Knowing their composition to understand their reactivity
It can include :
- elemental carbon, which is defined as “Black Carbon (BC)”, when optically characterised,
- an organic fraction made up of a large number of molecules of intermediate or low volatility such as alkanes or hopanes as well as PAHs which, with their oxygenated and nitrated derivatives, constitute one of the most important families
- a multitude of metals ranging from Al to Rb, including Ti and Si,
- inorganic nitrogenous and sulphurous species such as HNO3 and H2SO4 acids.
In the atmosphere and in the flue gases/pyrolysis within industrial processes, soot particles are emitted and transported in the simultaneous presence of volatile and semi-volatile organic compounds as well as acid gases and metallic elements.

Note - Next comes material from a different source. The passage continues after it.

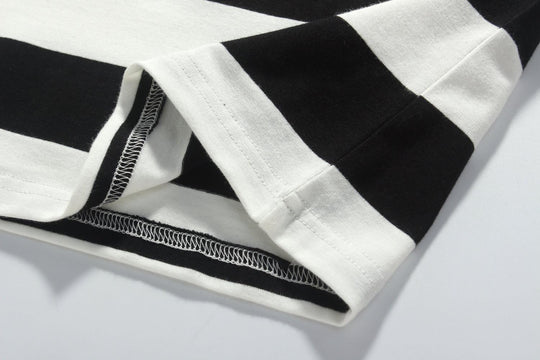 -Long-Sleeve-Tee-Shirts-For-Men-Striped T Shirts Crewneck Cotton Causal (Xx-Large, Black White)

The soot particles themselves consist of a semi-volatile fraction and are thus in permanent interaction with the gas phase through condensation/evaporation processes directly influenced by temperature and pressure variations, flow regimes, dilution of the air masses considered and by reaction averages, in particular with the oxidants present in the gas phase.
It is therefore essential when characterising the chemistry of soot particles to study both their surface chemical composition, in addition to their composition considered in their volume, and the composition of the associated gas phase.
In addition, it is important to emphasise that, in addition to the chemical complexity of soot, its composition is subject to significant variability at the source due to the diversity of the fuels used (wood, coal, paraffin, etc.), combustion conditions (temperature, richness, etc.) and also their evolution (see theme 3: soot ageing). Thus, the search for specific molecular tracers (e.g. levoglucosan for wood combustion) and isotopes is an essential tool for assessing the contribution of soot particle sources in the atmosphere.